Interestingly, the foreword to that pamphlet was written by Damian Green, now number two to prime minister Theresa May. He wrote then that the matter was worthy of "serious consideration".
"In purely party terms it is important for Conservatives to demonstrate to young people, many of whom share our values, that we take their opinions seriously," Green said. "Supporting a reduction in the voting age would be a dramatic way of doing that."
But May has since ruled it out, and a Cabinet Office spokesperson told BuzzFeed News: "The government has no plans to lower the voting age. The age of 18, not 16, is widely recognised as the age at which one becomes an adult. Full citizenship rights – from drinking, to betting, to voting – should be gained at adulthood."
The reality is that McMahon will struggle to win over many supportive Tory MPs who are now on the government payroll – as parliamentary aides and ministers – and unable to publicly side with Labour.
One such MP told us they were trying to convince the government to change tack and “make a big offer to young people”. Yet with the Conservatives failing to win an overall majority in the last election, the “dinosaurs in the party won’t have it” because they fear they will lose their seat in the next election.
McMahon’s big hope is that once you get 16-year-olds registered to vote, they will carry on voting throughout their lives.
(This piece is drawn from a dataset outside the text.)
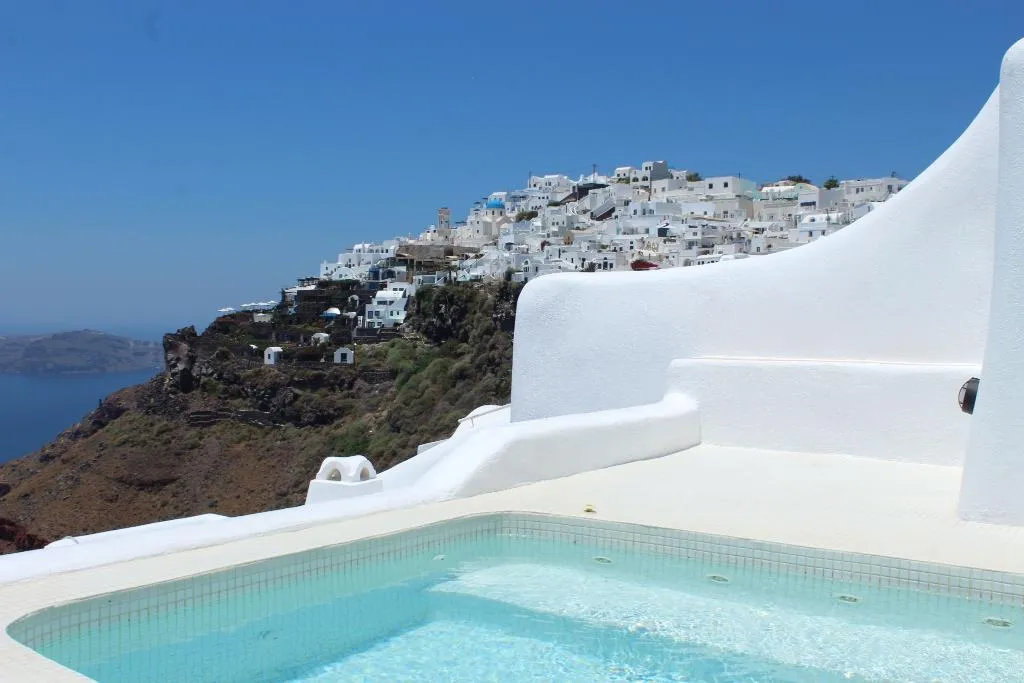APARTMENT WITH DOUBLE BED Room, Cocoon Suites, Santorini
The Electoral Reform Society says that evidence from the Scottish independence referendum and from Austria, where the voting age has been lowered, shows that 16- and 17-year-olds have higher rates of turnout than 18-to-24-year-olds.
The Commons chamber on a Friday is usually sparsely attended. But this Friday will see McMahon surrounded by a big crowd of Labour MPs, with Corbyn sitting on the front bench in support.
“It’s not in our gift to get to a vote but I think when the Speaker sees the number of people there, they ought to be conscious of the commitment people have made in taking that Friday out of the constituency,” McMahon says.
“The more you think about the Brexit vote, the people who will be most affected by that will be the young people who are growing up, starting families and getting jobs and trying to buy a house – hugely affected by decisions we make today – and I think it’s important we give them a voice.”